Looking at this sad little machine, I'm realizing it may be time to retire it, or maybe simply use it as a virtual recipe box in the kitchen.
It's only been a year and bit, but my laptop is unreliable. I've had to reformat the hard drive already because of a virus. The keys are not only sticking but the lettering has nearly rubbed off on some of them. I work my machines hard, every day, slamming down on the keys when they aren't working properly, taking my frustration out on them.
I am an impatient ass.
Ask my husband.
The old Underwood, the one I learned to type on, didn't have these problems. You just replaced the ribbon once in a while and it was good to go. People who pecked on Underwoods had strong hands and upper arms, like pianists. Nobody ever complained about carpal tunnel or repetitive stress, at least nobody ever complained about them to me.
Basement museums are full of old Underwoods. They still work.
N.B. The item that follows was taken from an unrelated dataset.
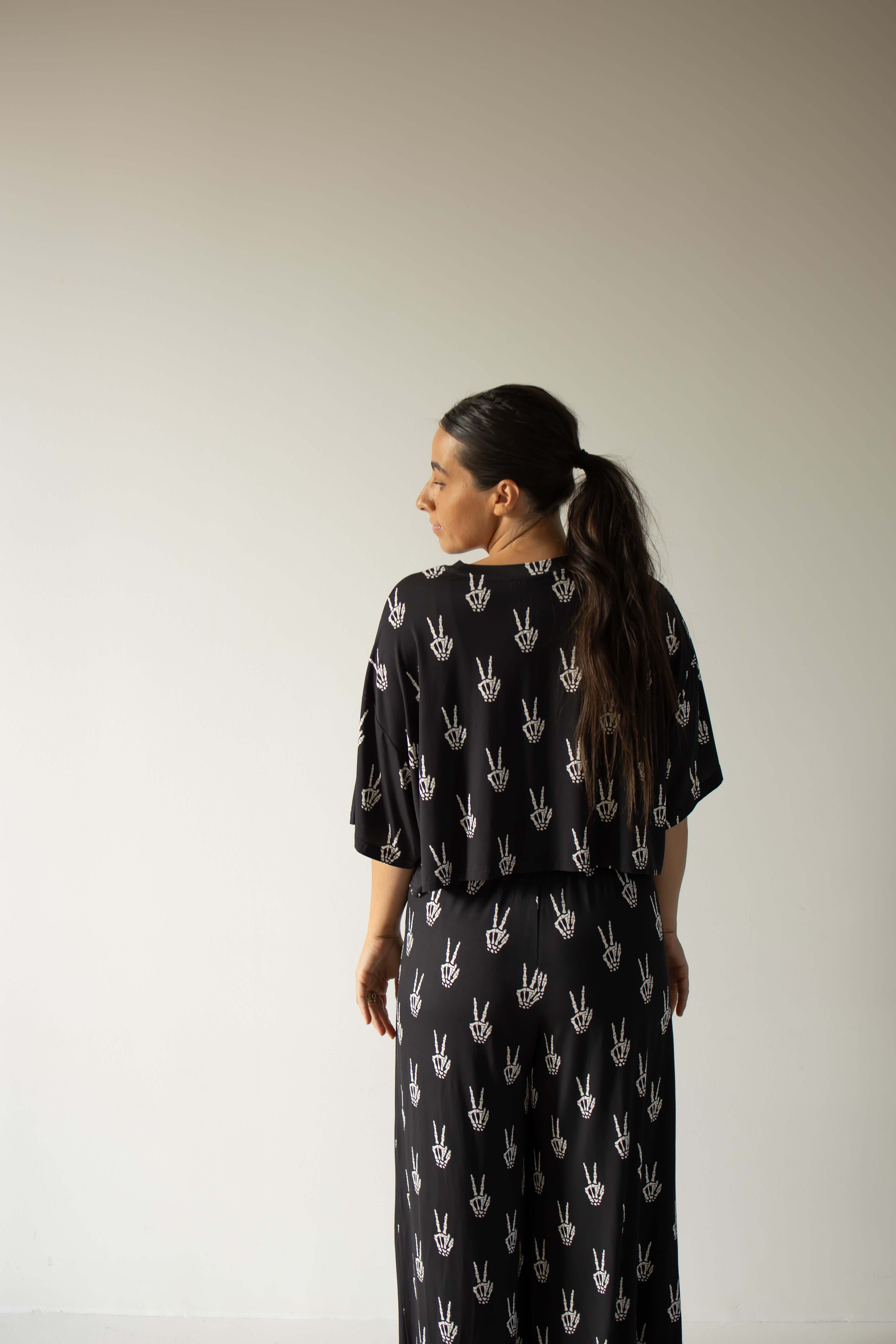 Midnight Skelly | Women's Bamboo Crop Tee Lounge Set | Discover the Women's Bamboo Lounge Set! Enjoy breathable, flattering styles perfect for lounging in comfort and style. | Milk & Baby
They'll still work in a thousand years if you could get ribbons for them.
I gave up on the Underwood 30 years ago. They were messy and heavy.
They are absolutely ridiculous now.
When I got my first job at the Ottawa Journal, we used both typewriters and computers.
The black screen with strange glow-in-the-dark lettering seemed almost otherworldly back in the days when editors still drank and smoked at their desks and yelled "get me rewrite, schweet-hot".
I've been grateful for a machine with memory ever since. No more retyping, like in university. Computers make some people better writers, some people worse writers. Revision is good in most cases. Not in mine. I don't have the patience to do it, which is why I don't write novels.
Back in the early 80s, computers were still bulky, remember?
And you actually had to know computer commands, F this and F that.
Which was pretty much what was mumbled under the breath of frustrated writers when their work suddenly disappeared.
I was excited to get my first "portable", something called a Kaypro.
By the time the Kaypro came out, I had already ended my journalism career, having watched my beloved Journal become one of the first victims of convergence. At 25, I was a political consultant working in offices on the Hill and dragging my Kaypro, all 30 pounds of it, on a dolley down Sparks Street Mall.
People were impressed, let me tell you.
My best memory of those days was a job working on a federal budget. I was given Marc Lalonde's office -- his actually friggin' office, with a bathroom and everything -- where I set up my Kaypro and looked over Parliament Hill while all the other big wigs were working on typewriters in the supply room. I'm convinced the Kaypro got me the posh digs since it was too big to be placed anywhere else.
Hah!
During my speechwriting days, I always had two computers in case one failed. Computers were always breaking in the 80s and 90s. Unlike my friends in the govenrment, I didn't have high priced IT guys, so backups were essential.
Those were the glory days of my computing. Six figure salaries, a posh home office, ten thousand dollars worth of hardware and office furniture.
Gosh, it takes me back.
Not like now.
Now I just have this piece of shit HP laptop and a fifty dollar printer. My basement is littered with old monitors and hard drives, ones that have long ceased being useful.
This month, I am taking a leap into another world, the world of Apple.
My health depends on it.
You see, thanks to years of pecking, squinting and stooping, I can barely move my neck to the left anymore. So I need a desk top writing tool, one that allows me to look up and forward again.
Like the Underwoods and Kaypros of yore, I am throwing my PC to the curb and getting a beautiful, fancy iMac. They're expensive, I know, but I hear they are worth it.
Macs are workhorses. Their support plan is stellar.
Scott has a Macbook Pro for video editing and even though it's had its battery and hard drive replaced at Apple's expense, it still works like a charm. And it has a keyboard that lights up.
Awesome.
Mine won't be so grand but I can't wait to have a big monitor and an operating system that treats my words with respect instead of freezing them.
It will be a dreammachine.
Just like the Underwood and the Kaypro were in their day.